◆ **INFORMATION GIVEN**:

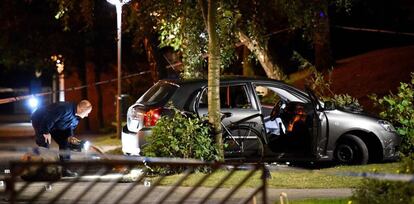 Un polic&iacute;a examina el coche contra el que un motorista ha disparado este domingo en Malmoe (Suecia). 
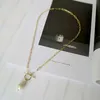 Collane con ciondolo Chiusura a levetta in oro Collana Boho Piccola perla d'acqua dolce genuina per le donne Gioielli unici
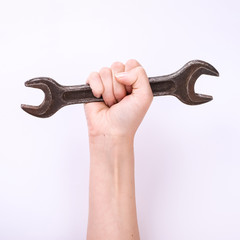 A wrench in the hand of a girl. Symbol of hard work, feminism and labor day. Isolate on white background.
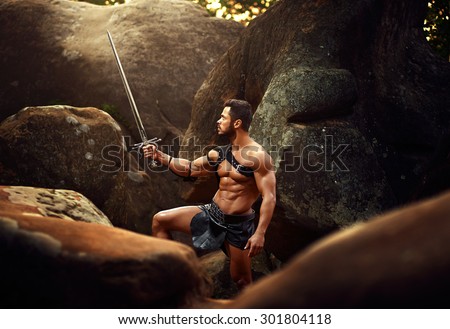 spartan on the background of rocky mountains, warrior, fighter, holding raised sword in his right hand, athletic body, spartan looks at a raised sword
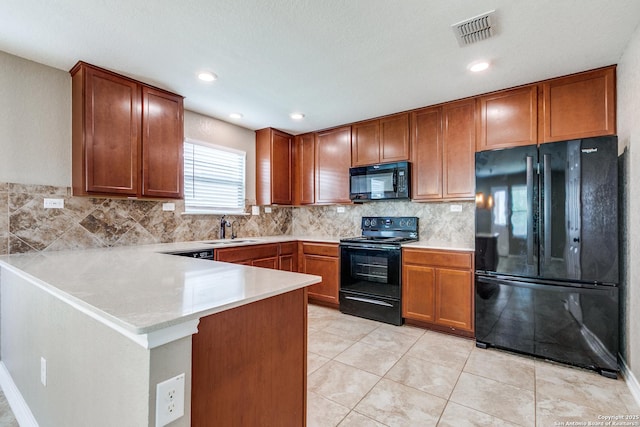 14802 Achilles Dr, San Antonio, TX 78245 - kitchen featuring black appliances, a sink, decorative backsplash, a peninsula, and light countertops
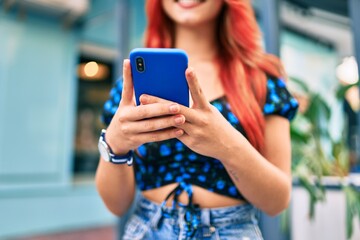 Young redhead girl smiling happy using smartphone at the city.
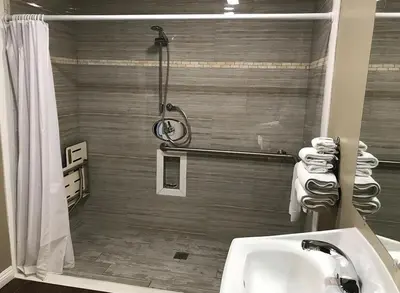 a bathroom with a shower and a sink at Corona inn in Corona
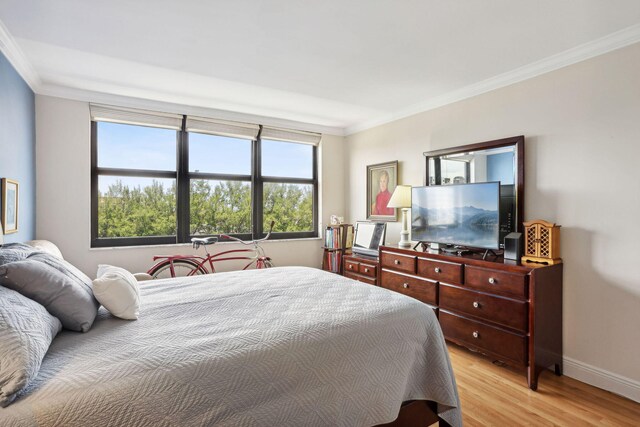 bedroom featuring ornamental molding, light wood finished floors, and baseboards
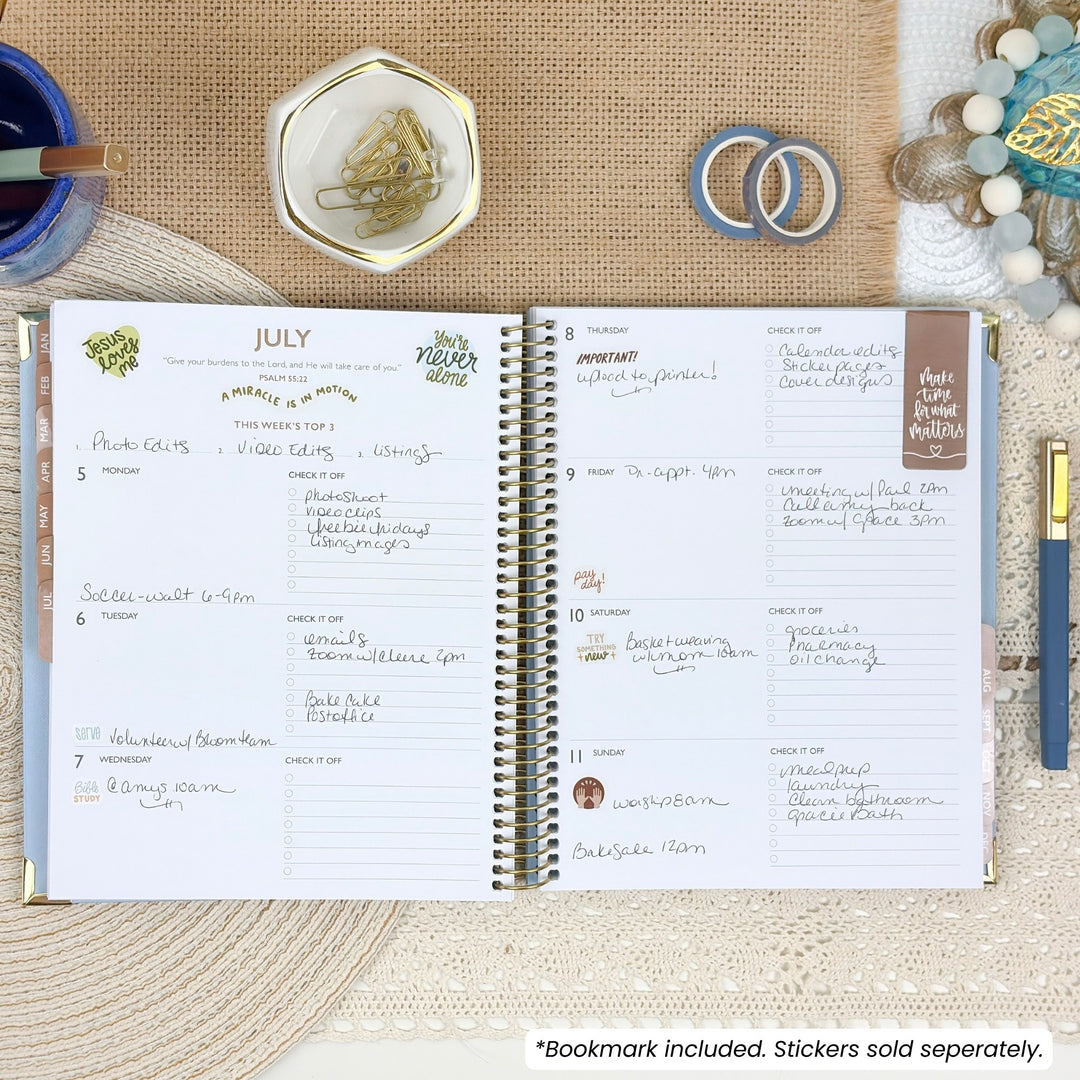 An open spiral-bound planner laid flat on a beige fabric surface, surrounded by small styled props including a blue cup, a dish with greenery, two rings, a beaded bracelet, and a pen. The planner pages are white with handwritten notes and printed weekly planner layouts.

◆ **WHAT IS REQUIRED**:
Reproduce the material above from its first line through the line containing "bedroom featuring ornamental", both ends included, and skip every picture.

◆ **TASK RESULT**:
 Un polic&iacute;a examina el coche contra el que un motorista ha disparado este domingo en Malmoe (Suecia). 
 Collane con ciondolo Chiusura a levetta in oro Collana Boho Piccola perla d'acqua dolce genuina per le donne Gioielli unici
 A wrench in the hand of a girl. Symbol of hard work, feminism and labor day. Isolate on white background.
 spartan on the background of rocky mountains, warrior, fighter, holding raised sword in his right hand, athletic body, spartan looks at a raised sword
 14802 Achilles Dr, San Antonio, TX 78245 - kitchen featuring black appliances, a sink, decorative backsplash, a peninsula, and light countertops
 Young redhead girl smiling happy using smartphone at the city.
 a bathroom with a shower and a sink at Corona inn in Corona
 bedroom featuring ornamental molding, light wood finished floors, and baseboards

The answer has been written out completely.